At the same time, three members of the Metropolitan Police Department’s Third District Crime Suppression Team had been canvassing the area around the Howard Theatre, 620 T St. NW, for a robbery suspect wearing a gray shirt. The officers saw Ali Jackson, dressed in a gray shirt, walk toward a blue SUV and bend at the waist in what appeared to police to be an attempt to drop an item. One of the officers approached Jackson, who fled to the 1800 block of 7th Street NW, where the officers subdued and arrested him. Alvonica Jackson began screaming at the officers and was also arrested.
Desmond Campbell was stopped by a fourth officer who saw that he matched the description of one of the stabbing-victim’s attackers, as provided by witnesses, and was also arrested. During the time the three were in handcuffs, Ali Jackson repeatedly apologized to Campbell and Alvonica Jackson, according to charging documents, ”for what had happened.”

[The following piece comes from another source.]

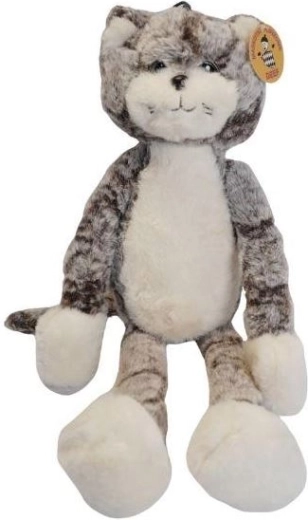 Extra soft for cuddling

Without being told why he was being stopped, Ali Jackson allegedly said, ”Why am I going down when the faggy is the one who maced me?” He also said Alvonica Jackson ”did not have anything to do with it.” Alvonica Jackson also allegedly asked why she was in handcuffs ”when faggy is the one who maced us.”
A witness was brought to the scene of the arrest and positively identified Ali Jackson as the person who had stabbed the victim. That same witness later identified Alvonica Jackson and Campbell as the people who had held down the victim during the stabbing. Police later found evidence of blood on Ali Jackson’s pants, pepper spray residue on Desmond Campbell’s shirt, and blood on Campbell’s pants.

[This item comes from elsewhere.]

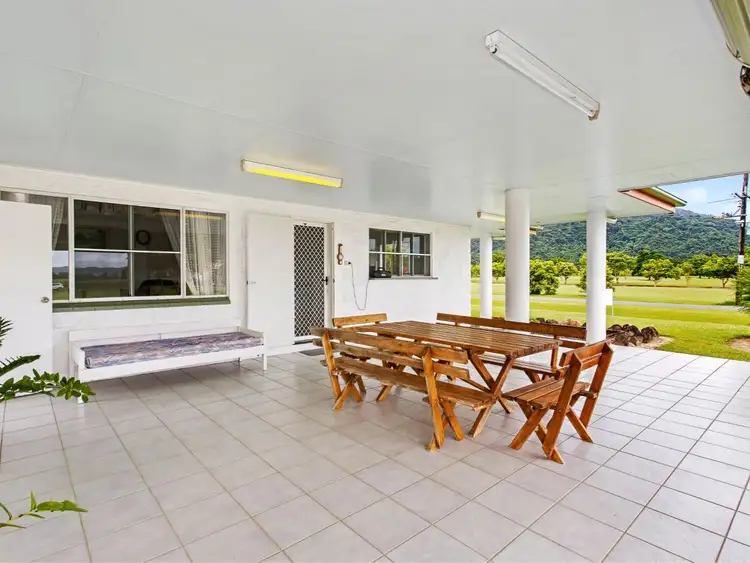 Fourth view of Homely house listing, 50 Cattalano Access, Babinda QLD 4861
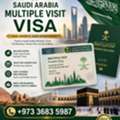 Tourist Visit Visa For Bahrain Dubai Saudi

Another witness told police that Alvonica Jackson had entered a bathroom in the Howard Theatre and removed $3 from a tip bowl belonging to the witness who identified the defendants. The second witness told police that Alvonica Jackson had been overheard plotting with Ali Jackson to rob someone. The charging documents indicate Alvonica Jackson was ”additionally charged with second-degree theft,” though she has not been formally charged on that count.
At the police station, Ali Jackson invoked his Miranda rights, but Alvonica Jackson and Campbell waived theirs and made derogatory, homophobic comments regarding the victim’s sexuality. Based on those comments, as well as those of Ali Jackson earlier at the crime scene, charging documents show that all three ”were additionally charged with hate crime enhancement in regards to the assault with a dangerous weapon (knife).” However, none of the three defendants has been formally charged with any bias enhancements related to the stabbing.
Court records also show that Ali Jackson had pleaded guilty June 5 to a charge of simple assault stemming from an incident in April when he had attempted to steal wine bottles from the Variety Market, 1618 8th St. NW, and assaulted the store’s owner. For that crime, Jackson was given a deferred sentencing agreement, which includes performing community service.
Jackson was previously charged in September 2011 with unlawfully entering Seaton Elementary School, in the city’s Shaw neighborhood, and in November with assaulting a police officer. Both charges were dismissed.
Ali Jackson was also previously charged with carrying a dangerous weapon, in October 2011, though a jury found him not guilty. According to charging documents in that case, Jackson was arrested in the 900 block of 3rd Street NW by two police officers who said Jackson rode a bicycle toward a group of transgender women while brandishing a knife.
Desmond Campbell was previously charged with unlawful entry and assaulting a police officer, in June 2008, but both charges were dismissed.
At today’s hearing, the attorneys also asked Judge Lori E. Parker to require the government to release any Brady information – physical, written, photographic or recorded evidence about the crime, the victim, witnesses and other parties involved that could potentially be used to help defense attorneys prove their clients innocent or call into question the credibility of government witnesses. Parker ordered the government to provide the lawyers with that information by July 6.